Nusantaratv.com - Pembayaran uang tebusan untuk serangan ransomware yang diduga berjumlah US$590 juta atau setara Rp8,2 triliun terjadi dalam enam bulan pertama tahun ini.
Jumlah tersebut lebih besar dari US$416 juta (Rp5,8 triliun) uang tebusan yang dibayarkan sepanjang 2020, kata Departemen Keuangan Amerika pada Jumat (15/10/2021).
Departemen Keuangan AS mengatakan jumlah rata-rata transaksi ransomware yang dilaporkan per bulan pada 2021 adalah US$102,3 juta (Rp1,4 triliun).
Dilaporkan, jenis ransomware yang umum digunakan adalah REvil/Sodinokibi, Conti, DarkSide, Avaddon, dan Phobosn, seperti dikutip dari VOA News, Sabtu (16/10/2021).
Presiden Amerika Serikat (AS) Joe Biden telah menjadikan respons pemerintah terhadap keamanan siber sebagai prioritas utama bagi tingkat paling senior dalam pemerintahannya menyusul terjadinya serangkaian serangan tahun ini yang mengancam stabilitas pasokan energi dan pangan.

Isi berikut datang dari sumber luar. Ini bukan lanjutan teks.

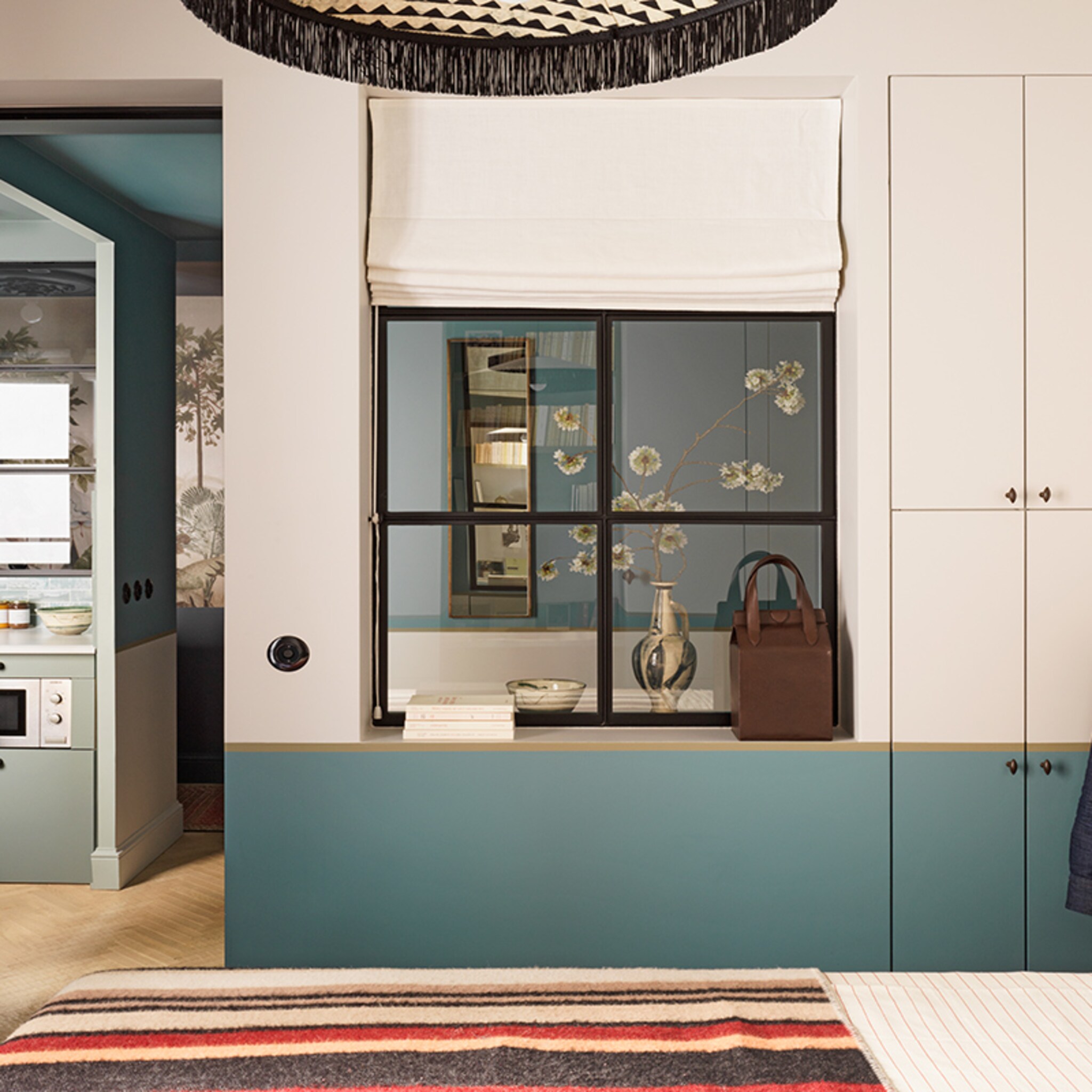 binnenkijken in een mini appartement in hartje parijs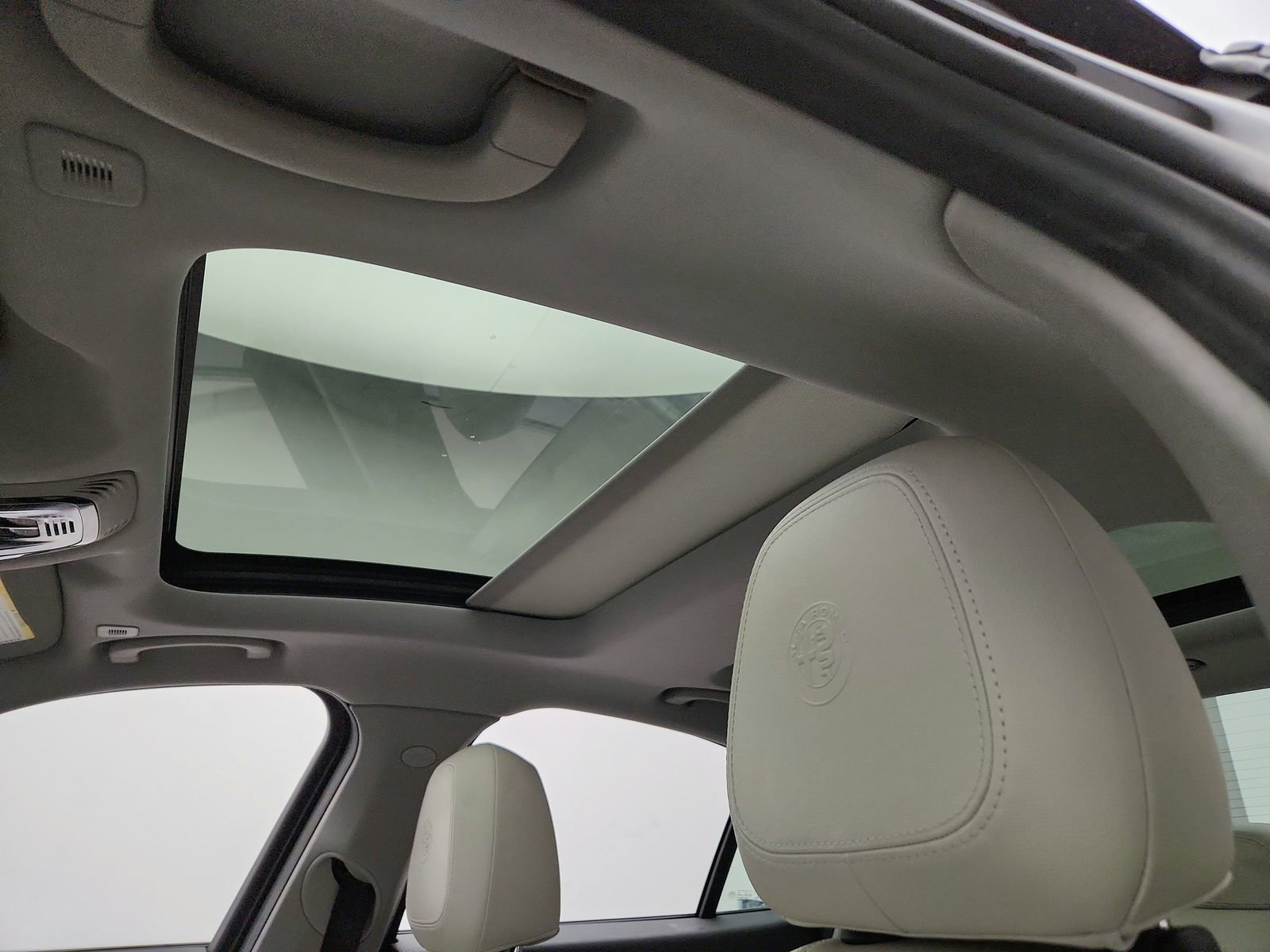 Used 2020 Alfa Romeo Giulia Base w/ Quick Order Package 22J Sport image 11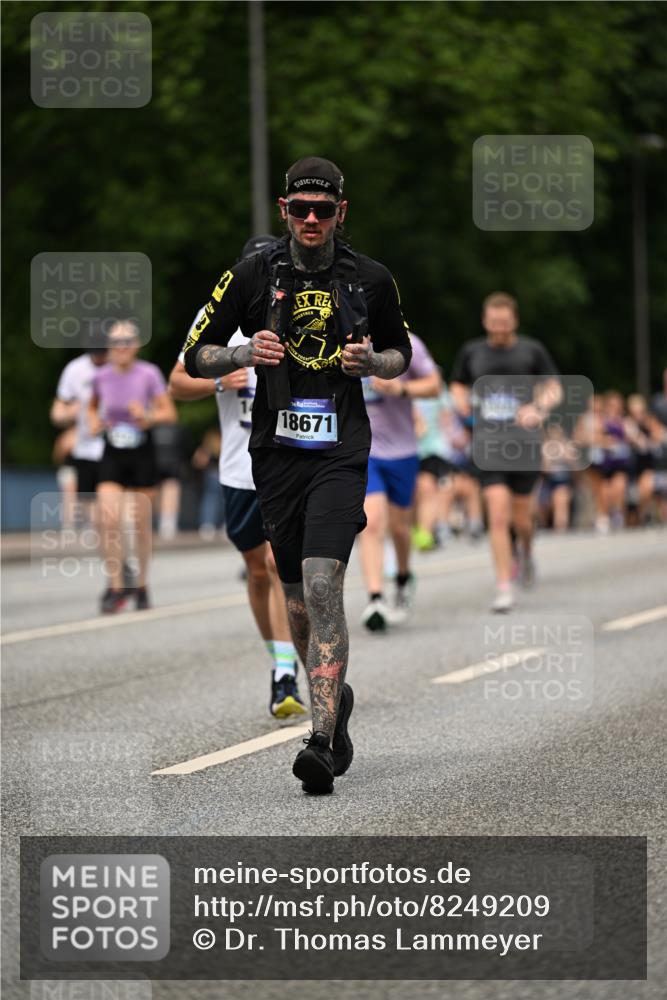 29.06.2025 - hella hamburg halbmarathon Dr. Thomas Lammeyer http://msf.ph/oto/8249209 29.06.2025 10:34:51 Kennedybrücke 1059, 1472, 1773, 2097, 2302, 2505, 2569, 3131, 4561, 6556, 6620, 6725, 7071, 7351, 7517, 8792, 9095, 9576, 9830, 9937, 10989, 10996 meine-sportfotos.de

Panduan baru dari Departemen Keuangan menyebutkan industri kripto memainkan peran penting dalam mencegah mereka yang masuk daftar hitam mengeksploitasi mata uang kripto untuk menghindari sanksi.
Panduan itu juga menyarankan pertukaran mata uang kripto menggunakan alat geolokasi untuk memblokir akses dari negara-negara di bawah sanksi Amerika.
Peretas menggunakan ransomware untuk menghapus sistem yang mengontrol semuanya, mulai dari penagihan rumah sakit hingga manufaktur. Di mana sistem akan kembali difungsikan jika pelaku sudah menerima pembayaran yang besar, biasanya dalam mata uang kripto.